La Direction générale de l'aviation civile (DGAC) a demandé aux compagnies aériennes de renoncer à 20% de leurs vols à Nantes, Bordeaux et Toulouse.
«On va se revoir»
Jeudi matin, des lycées et universités sont à nouveau bloqués, par exemple sur des campus de l'Université de Lille.
Dans l'énergie, l’entrée de la raffinerie de Feyzin, près de Lyon, a été bloquée deux heures. Un barrage filtrant a aussi été mis en place à la centrale nucléaire de Gravelines.
Côté déchets, la CGT a annoncé à Paris un "acte 2" de la mobilisation des éboueurs avec un nouvel appel à la grève reconductible à partir de jeudi. Les éboueurs parisiens n'avaient pas ramassé les poubelles pendant trois semaines en mars.
"Ce n'est pas le dernier jour de mobilisation, on va se revoir encore beaucoup", a déclaré en tout début de journée la secrétaire générale de la CGT, Sophie Binet, depuis l'incinérateur d'Ivry-sur-Seine, près de Paris, à nouveau bloqué.
Outre Ivry, des actions ont été menées sur plusieurs sites de Seine-Saint-Denis, avec notamment des barrages filtrants devant l'incinérateur de Saint-Ouen.
Des blocages sont également en cours autour de plusieurs villes de l'ouest, notamment à Caen, Brest et Rennes où le dépôt de bus est aussi bloqué.
A Paris, la manifestation partira à 14H00 de la place de l'Opéra pour se diriger vers Bastille.
L'exécutif et les opposants à la réforme attendent la décision du Conseil constitutionnel, prévue vendredi en fin de journée. Il semble peu probable que les Sages annulent la totalité de la réforme.
Mais ils pourraient élaguer le texte et renforcer les arguments de l'intersyndicale en faveur d'une suspension ou d'un retrait.
Depuis Amsterdam, où il était en visite, Emmanuel Macron a promis mercredi aux syndicats, "dans un esprit de concorde", un "échange qui permettra d'engager la suite et de tenir compte" du verdict du Conseil.
«Attitude nouvelle»
Le secrétaire général de la CFDT, Laurent Berger, suggère qu'en cas de censure partielle, le chef de l'Etat utilise l'article 10 de la Constitution pour permettre de proposer au Parlement une nouvelle délibération.

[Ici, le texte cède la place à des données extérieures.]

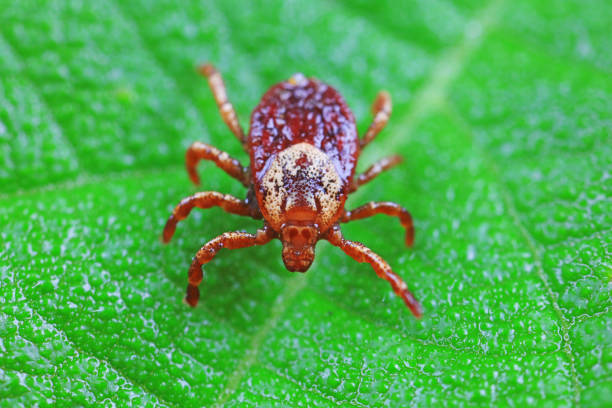 istock Ticks on wild plants, North China 2154544063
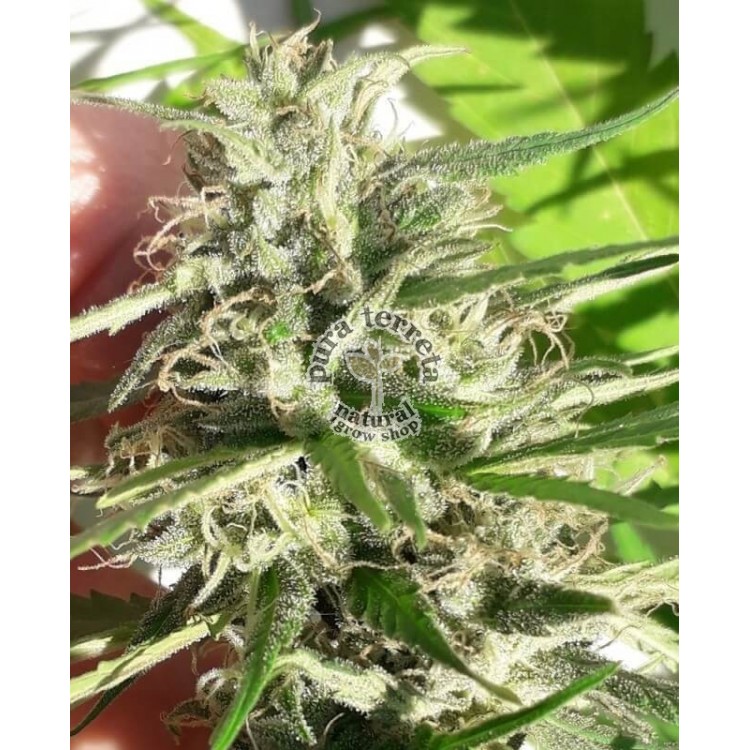 Nueva Caledonia Ace seeds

Une éventuelle validation par le Conseil constitutionnel du référendum d'initiative populaire lancé par la gauche pourrait également redonner aux opposants un nouvel objectif.
Dans un tel scénario, "on pourra s'engager sur une campagne, continuer la mobilisation sous des formes adaptées", expliquait mercredi Benoît Teste (FSU).
A gauche, la députée écologiste Sandrine Rousseau comme Manuel Bompard (LFI) ont appelé jeudi à "poursuivre" le mouvement.
Le président du Sénat Gérard Larcher (LR) a de son côté demandé jeudi qu'Emmanuel Macron adopte "une autre manière de gouverner".
Parmi les hypothèses envisagées pour la suite par les syndicats, des défilés unitaires le 1er mai, voire une vaste manifestation à Paris.
Ils doivent se réunir jeudi soir, selon des sources concordantes, pour préparer leur réaction aux décisions du Conseil constitutionnel.